The cop who told me that kids should not go to the bathroom alone was a few months ago. I was disgusted and showed it. I asked him if he knew about “free range parenting” and he admitted he did not. (A friend and I were being chewed out for letting our 4-5 year olds go to the bathroom (that we could see from where we were sitting) alone. It was insane! I could NOT believe it when he said he took his 11 year old DAUGHTER in the mens room!!! (We were at a restaurant with a play area and had allowed the older boys to go potty while we supervised the younger children and an officer had an issue of it and gave us his $.02.
I also had an officer last year tell me that I should just “cover up at the pool to keep the peace” because management had a cow and said there were complaints about me breastfeeding at the pool! He then “corrected” me that the law says I can nurse as long as the areola is not showing.. I had to pull the law up on my laptop and show it to him… he was shocked that it had changed! (I called the officer to make them aware of another situation in which I was being threatened by another resident due to the pool situation).
Our area also had a man arrested at the PRIDE parade for open carrying of a firearm in a public park.
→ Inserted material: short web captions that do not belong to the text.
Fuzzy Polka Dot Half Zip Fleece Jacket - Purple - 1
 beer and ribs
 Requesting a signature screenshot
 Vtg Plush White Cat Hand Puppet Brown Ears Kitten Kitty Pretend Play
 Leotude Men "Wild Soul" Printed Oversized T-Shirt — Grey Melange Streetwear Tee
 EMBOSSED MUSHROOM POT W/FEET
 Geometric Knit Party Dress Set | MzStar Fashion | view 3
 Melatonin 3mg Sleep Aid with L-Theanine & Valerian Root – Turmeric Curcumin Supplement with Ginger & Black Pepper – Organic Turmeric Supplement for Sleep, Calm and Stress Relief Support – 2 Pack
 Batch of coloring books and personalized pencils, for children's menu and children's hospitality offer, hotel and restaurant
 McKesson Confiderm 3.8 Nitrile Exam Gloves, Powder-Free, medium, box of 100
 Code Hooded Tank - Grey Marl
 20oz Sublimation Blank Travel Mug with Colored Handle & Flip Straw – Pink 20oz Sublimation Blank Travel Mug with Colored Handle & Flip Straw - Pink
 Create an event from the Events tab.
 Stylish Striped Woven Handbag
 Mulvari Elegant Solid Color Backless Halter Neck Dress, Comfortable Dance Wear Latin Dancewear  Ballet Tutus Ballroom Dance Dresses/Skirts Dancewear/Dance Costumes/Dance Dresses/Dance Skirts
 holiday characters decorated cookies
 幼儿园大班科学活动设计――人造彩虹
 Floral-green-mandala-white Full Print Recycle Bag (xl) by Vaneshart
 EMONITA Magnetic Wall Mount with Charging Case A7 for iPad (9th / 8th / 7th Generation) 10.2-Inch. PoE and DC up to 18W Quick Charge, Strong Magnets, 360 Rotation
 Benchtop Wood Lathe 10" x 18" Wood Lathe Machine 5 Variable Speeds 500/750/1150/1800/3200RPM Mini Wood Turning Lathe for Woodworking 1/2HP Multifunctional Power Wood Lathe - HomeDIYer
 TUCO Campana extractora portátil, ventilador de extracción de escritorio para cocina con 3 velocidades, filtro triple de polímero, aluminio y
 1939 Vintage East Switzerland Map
The “cheat sheet” said it was illegal (the cheat sheet is a book kept at the PD precinct that has all the “basic laws” in it). The man in question filmed the encounter on his phone. He was threatened by an officer, handcuffed and imprisoned. Turns out the laws changed a DECADE ago that open carry is allowed in parks!!!! A DECADE! Our police force is seriously flawed and citizens are paying for it daily! Just think… in my sons 5 years I have had three encounters.. all three anti mom/anti kid.
I am in Colorado Springs, CO. I’m ready to move ASAP! I want to move to our own space in the middle of nowhere with no neighbors lol.
I am in the "there's more to this story" camp. And yeah, my aunts and mom still laugh about how they practically made us stay outside all the time. Different times though - and we weren't 2 and 4 (or 3 and 5).
ETA: Update was added as I was posting. Still in the more to the story camp but moving towards, mom is nutso with half a brain (and not about the breast feeding part). Why didn't she watch the younger kids while her friends took the other kids to the bathroom?